Signaling and self-organization in bacterial biofilms
Fig. 1. P. aeruginosa cells ordered in a square 9x9 laser trap array in growth media. This array can be studied as is or ‘printed’ onto a specific surface.
Chronic bacterial infections are the major cause of death in cystic fibrosis (CF). In such chronic infections, antibiotic-resistant bacterial biofilms are formed in the lungs of CF patients. At present, no good animal model for such chronic infections exists. Biofilms are poorly understood due in part to the inherent complexity in biofilm formation, which is compounded by our inability to control and manipulate development of completely identical biofilm structures. We address this need by exploiting recent advances in physics, chemistry, and bacteriology to make user-defined laser-generated patterns of genetically-modified individual bacteria, and aim to understand how quorum sensing and its immediate downstream consequences eventually lead to antimicrobial-resistant biofilms. The long-term goal is the rational design of anti-biofilm therapeutic strategies informed by a fundamental understanding of biofilm formation.

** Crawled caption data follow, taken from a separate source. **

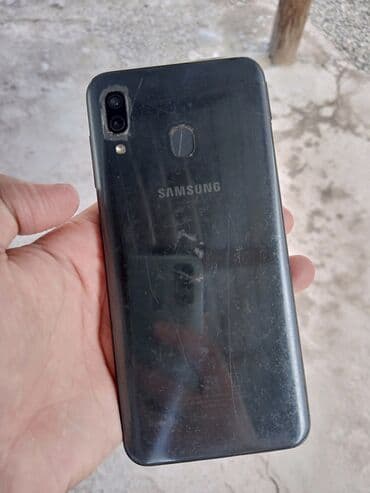 старая техника: Samsung A10e, Б/у — 1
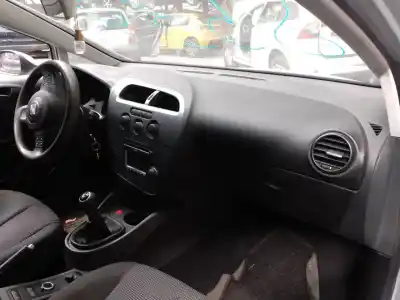 Veículo de Sucata seat leon (1p1) reference do ano 2005 alimentado bls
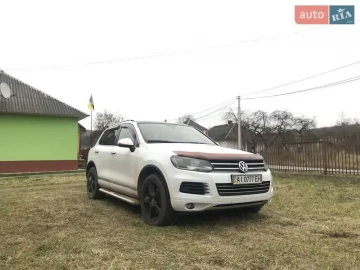 Авто Volkswagen Touareg 2013 № 7801476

Massively-parallel laser tweezers based on acousto-optic deflectors are employed to dynamically generate reproducible arrays of bacteria in user-defined spatial patterns at the single bacterium level. We use mutant strains of P. aeruginosa to study ‘quorum sensing’ and its downstream consequences in bacterial colonies, to see how these signals are eventually expressed in morphological and phenotypic changes, such as antimicrobial resistance.